This morning, brandishing a piping paper cup of coffee and squeezed into a scratchy black sweater, I scuttled up to the top of a small grassy hill beside the library and closed my eyes. For days my constant struggle had been to find free time, that unattainable thing which every 21st century kid confesses they lost long ago. But today, my only thoughts were of the light brown lines being drawn down my fingers, the angry wind whipping across the trees above me, and the mellow chirping and churning of the cars and busses along the street.
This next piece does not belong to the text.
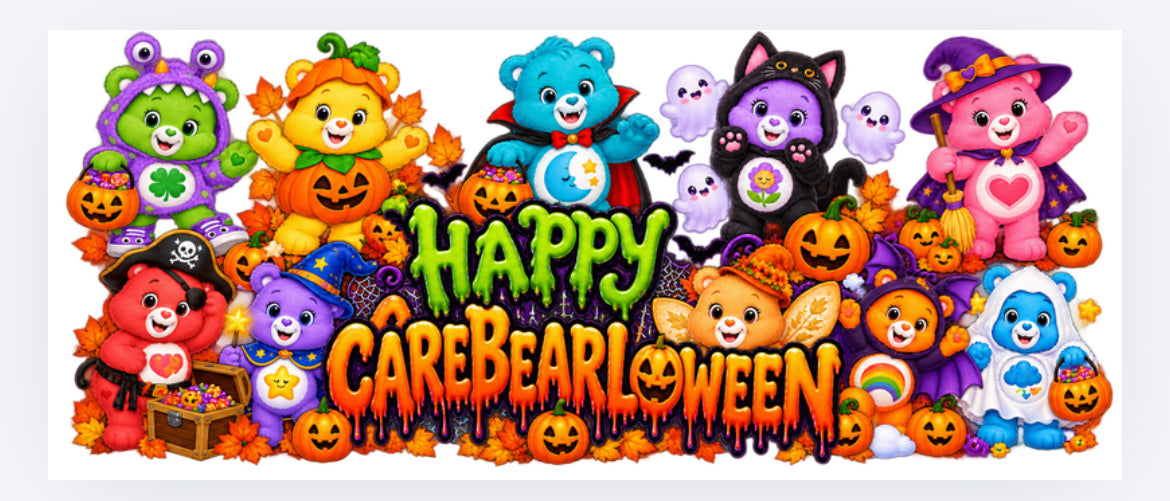 Halloween Care Bears wraps exclusive (UVPOD)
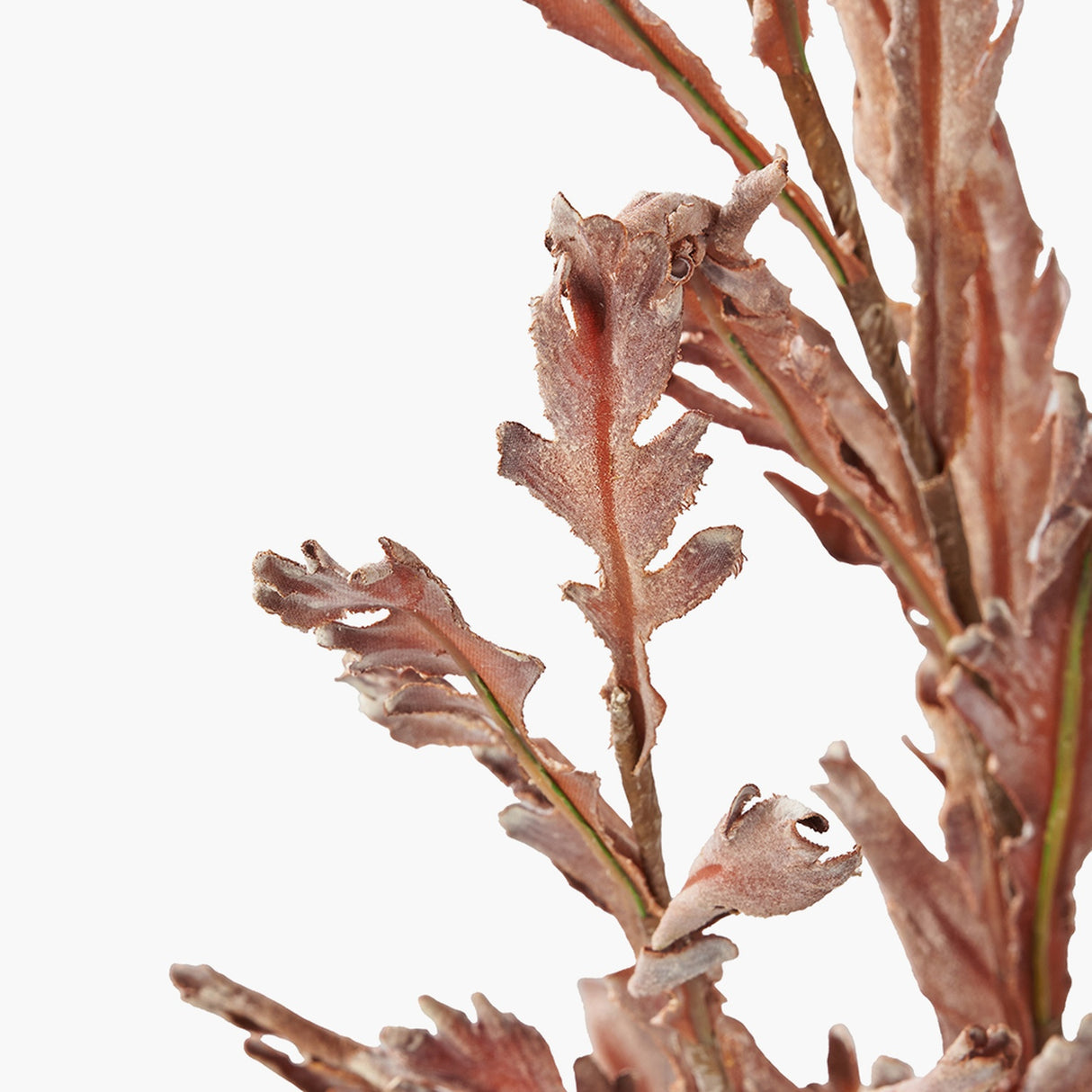 Mulberry Brown Autumn Leaf Pack of 6 Artificial Flowers - 109cm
Something about that half-minute trance felt more impactful than the past two months of never-ending tension and thought. It was because I finally slowed down — acknowledging and ruminating on all that was buzzing about me — something few realize is critical to surviving in this harsh reality. It was in those few ticks that I felt, not simply perceived and pushed. It was only then that I was able to zoom out, and focus the ability I had been harnessing for two months— the ability to follow my own advice (something no person I’ve ever met has also attested to doing so strictly).
Yesterday, I wrote about one of the most important things I’ve learned since the semester began. Grappling with the brevity of the piece, the magnitude of the lesson, and the barren attention it was bound to receive, I realized that its proposed influence should be unaffected by its inevitable result. All that can be done will always be told by a narrator, and there is no narrator except for the one found in yourself.
And it was after these realizations, after giving yesterday the time to mingle with today, during that half-minute moment, that something clicked. The great existential secret I had been worried over my entire life— what will I do? — answered itself. I will live. I will write. But most of all, I will slow down. It’s from stress, from long life, from hastiness, that “regret” is borne, grown, allowed to fester. It’s from clean air, time without distraction, purposefully neglecting overwhelming responsibilities, that we learn. And the day we stop learning is the day that we die; the day we refuse to continue the millennia on millennia of human growth we are somehow appended to is the day that we stop mattering.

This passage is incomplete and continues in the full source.